→ **WHAT NEEDS TO BE DONE**: In the entries below, find the line with "Taquillón con cajones" and transcribe it and every line after it exactly, through the last line, without pictures.

═══ DATA FOR REVIEW ═══

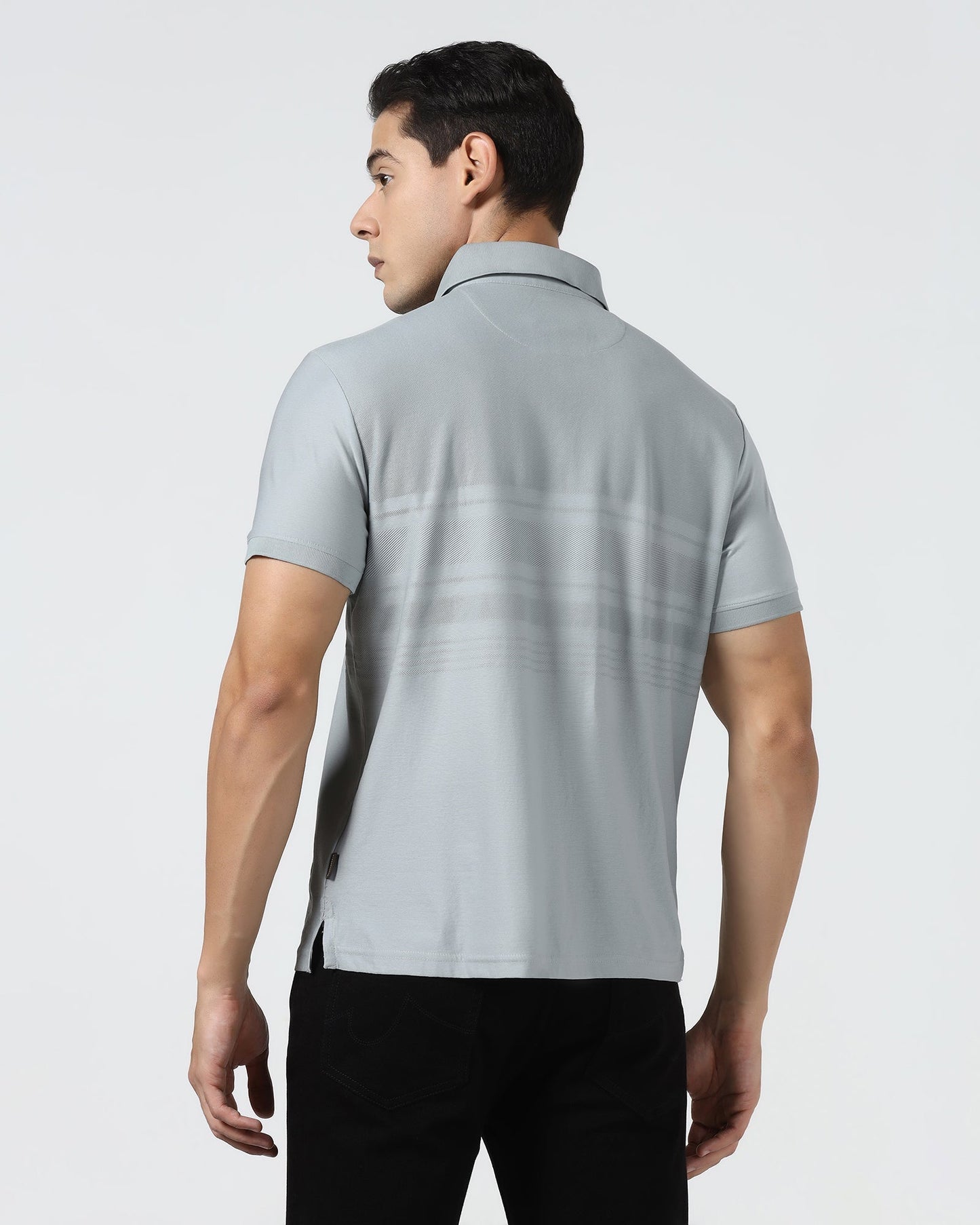 Ash Grey Textured Polo - Peek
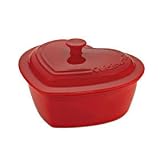Cuisinart Chef's Classic Ceramic Bakeware 2-Quart Heart-Shaped Baker with Lid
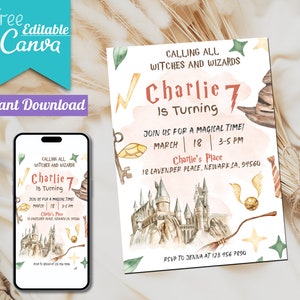 Puede incluir: Una invitación imprimible para una fiesta de cumpleaños con temática de Harry Potter. La invitación presenta una ilustración de acuarela del castillo de Hogwarts, una snitch dorada, una varita mágica y un sombrero seleccionador. El texto de la invitación dice "Calling all witches and wizards, Charlie 7 is turning. Join us for a magical time! March 18, 3-5 PM, Charlie's Place, 18 Lavender Place, Newark, CA, 94560. RSVP to Jenna at 123 456 7890."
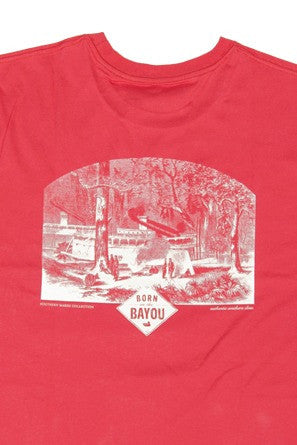 Southern Marsh: &quot;Born on the Bayou&quot; Tee, Red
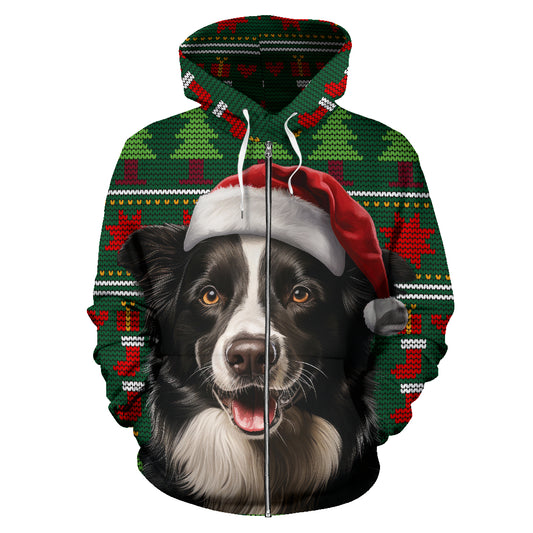 Border Collie All Over Print Zip-Up Hoodies - 2023 Christmas / Holiday Collection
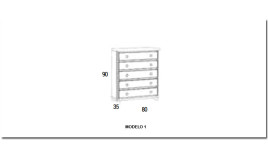 Taquillón con cajones estilo provenzal fabricado en madera Ref MCJI10049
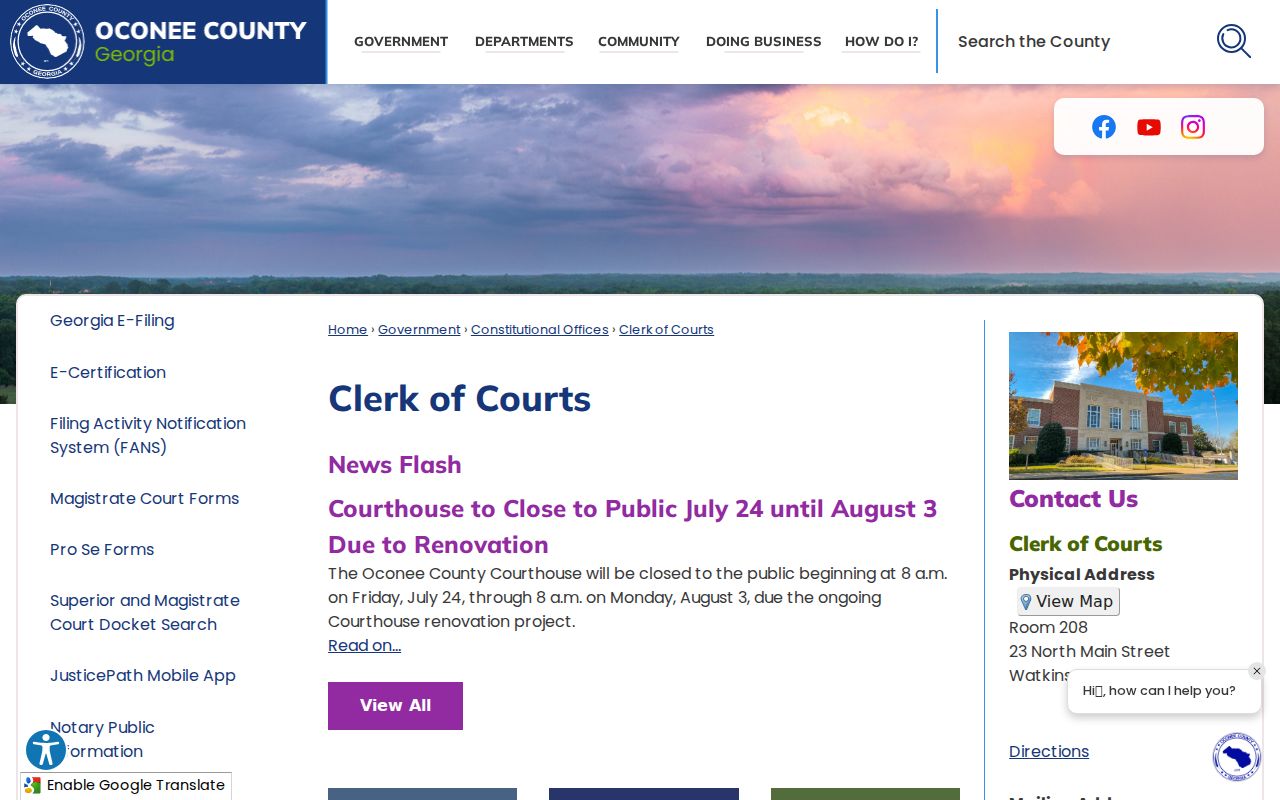 Oconee County courthouse and Clerk of Courts information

═══

→ **COMPLETED TASK**:
 Taquillón con cajones estilo provenzal fabricado en madera Ref MCJI10049
 Oconee County courthouse and Clerk of Courts information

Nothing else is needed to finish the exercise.